**TASK TO COMPLETE:** Once the pictures are set aside, transcribe each line of the data exactly.

BEGIN THE DATA

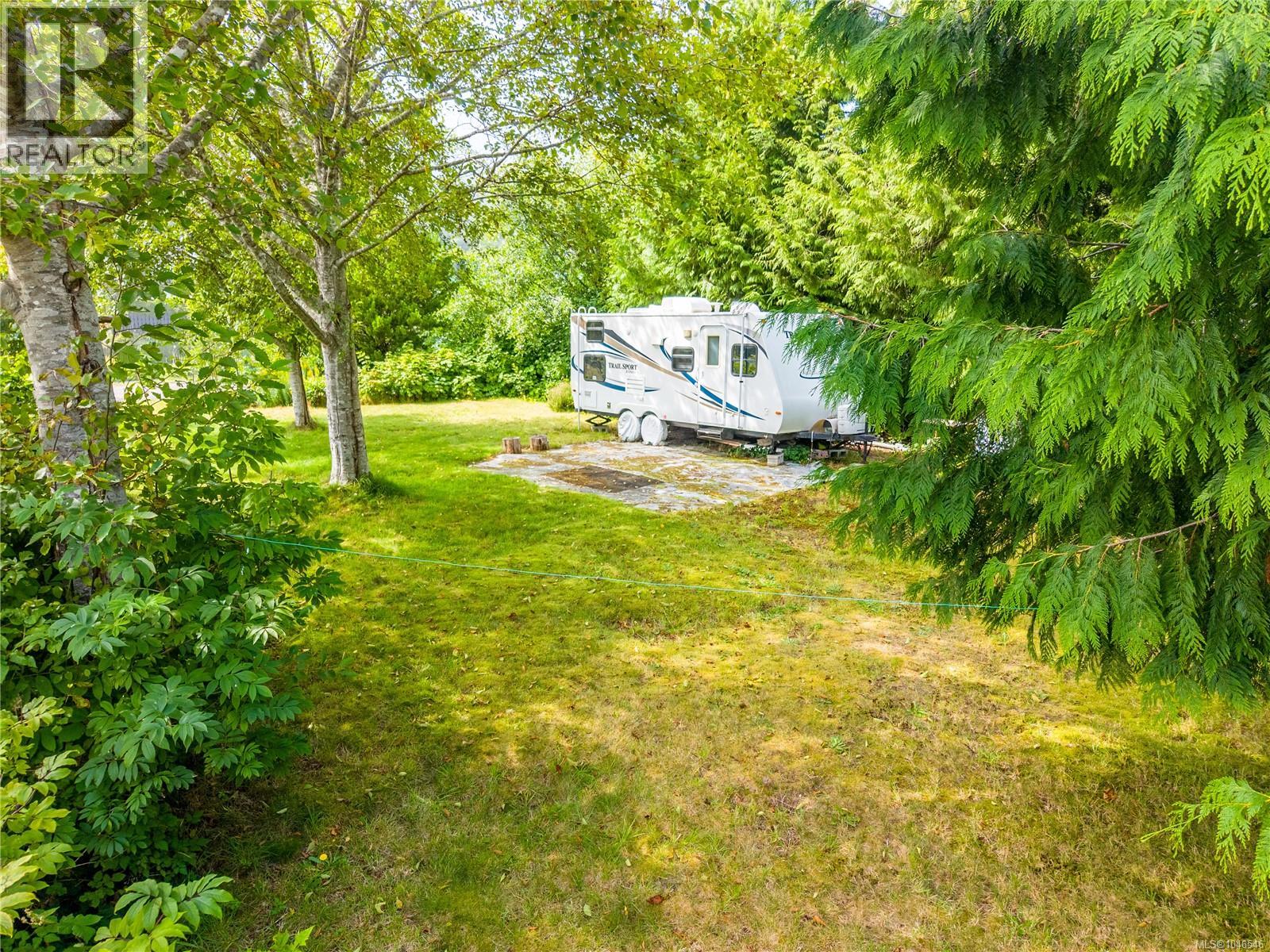 1070 Seventh Ave, Ucluelet, British Columbia V0R 3A0 - Photo 7 - 1046546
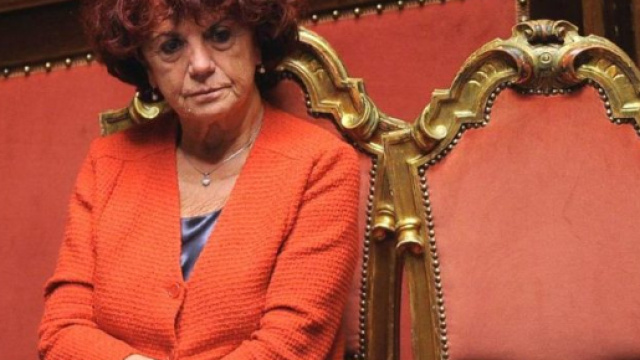Valeria Fedeli, ministro dell'istruzione italiano, abolisce il voto in condotta -siculalivenews.it-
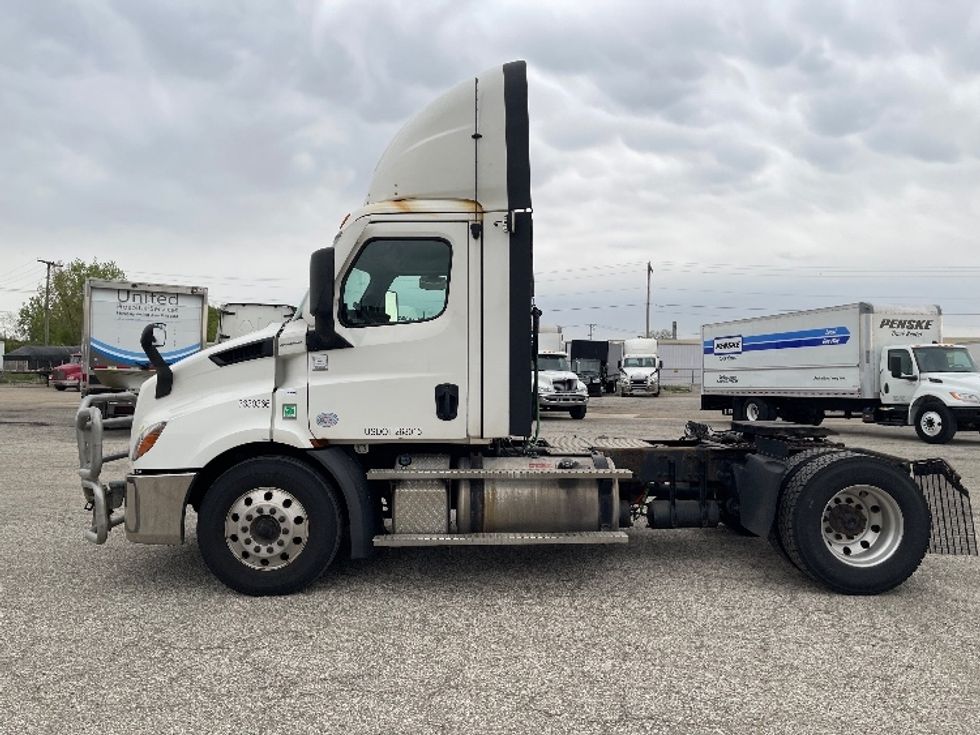 Day Cab Tractor-Heavy Duty Tractors-Freightliner-2021-T11642ST-Elkhart-IN-542,657\n\t\tmiles-$ 34,750 - Image 4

END THE DATA

**REPLY:**
 1070 Seventh Ave, Ucluelet, British Columbia V0R 3A0 - Photo 7 - 1046546
Valeria Fedeli, ministro dell'istruzione italiano, abolisce il voto in condotta -siculalivenews.it-
 Day Cab Tractor-Heavy Duty Tractors-Freightliner-2021-T11642ST-Elkhart-IN-542,657\n\t\tmiles-$ 34,750 - Image 4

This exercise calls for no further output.